What is Elemental Music

Steven Calantropio

Defining a musical style is not an easy task. Along with the identifying the chronological start and end points, the salient artistic qualities of the style must be discerned. Historical styles can be put into a temporal framework and compared with what came before of after  but a definition is made more difficult when the style is vital and active.

Such is the case with elemental music. In its broadest terms, elemental style has been present since the time that human beings began to express themselves through dancing, singing, playing primitive instruments and in general, using musical media to express and communicate human aspirations of an aesthetic nature. These activities are as old as mankind himself. The quality of being elemental, created from the basic elements of aesthetic communication is timeless. It has always been there and always will be.

Another limited and more practical definition of elemental music can be taken from the works of Carl Orff (1895-1982) and Gunild Keetman (1904-1990) who in the 20th century devised a pedagogical and musical approach to aesthetic education broadly termed ‘Orff-Schulwerk’. The hallmarks of this style are readily identifiable. The music is not intellectually based; all people by nature of their inherent musicality can participate in it to some degree without the need for advanced technique or training. The music is strongly pattern based employing short, easily remembered patterns of rhythm, melody, harmony, etc.
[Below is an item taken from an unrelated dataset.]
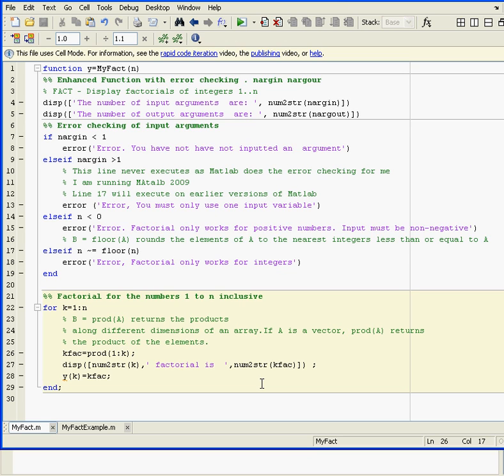Assuming we don't get any errors, we get to line 22 and do a loop. If we did 4, we go from 1 to 4. The command that does the factorial - 1 by 1, 1 by 2, 1 by 3, 1 by 4 - is on line 26. That's MATLAB's own function.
Because elemental music is an unsophisticated style that can be easily broken down into its component elements, participants are encouraged to create or improvise based on their understandings of these elements. A lack of nuance and detail in such music is more than compensated for by the ability for all to become involved. The ability to create music spontaneously using intuition and a basic knowledge of simple artistic tools is now possible. Complex note reading skills or highly developed fine motor instrumental technique is not necessary to participate in elemental music making. The simple, natural patterns of speech and bodily movement become the starting points for the music making.

Such an inviting musical style makes elemental music very suitable for pedagogical purposes. Such pedagogy embodies the artistic ideals of the ancient greeks who termed such experiences as Musiqué. This is the equal union of speech, movement and music in artistic creation. The combination of these modes of expression represents the highest form of aesthetic involvement of the individual. Modern day elemental music and movement reflects ancient musique ideals in modern terms primarily for pedagogical uses.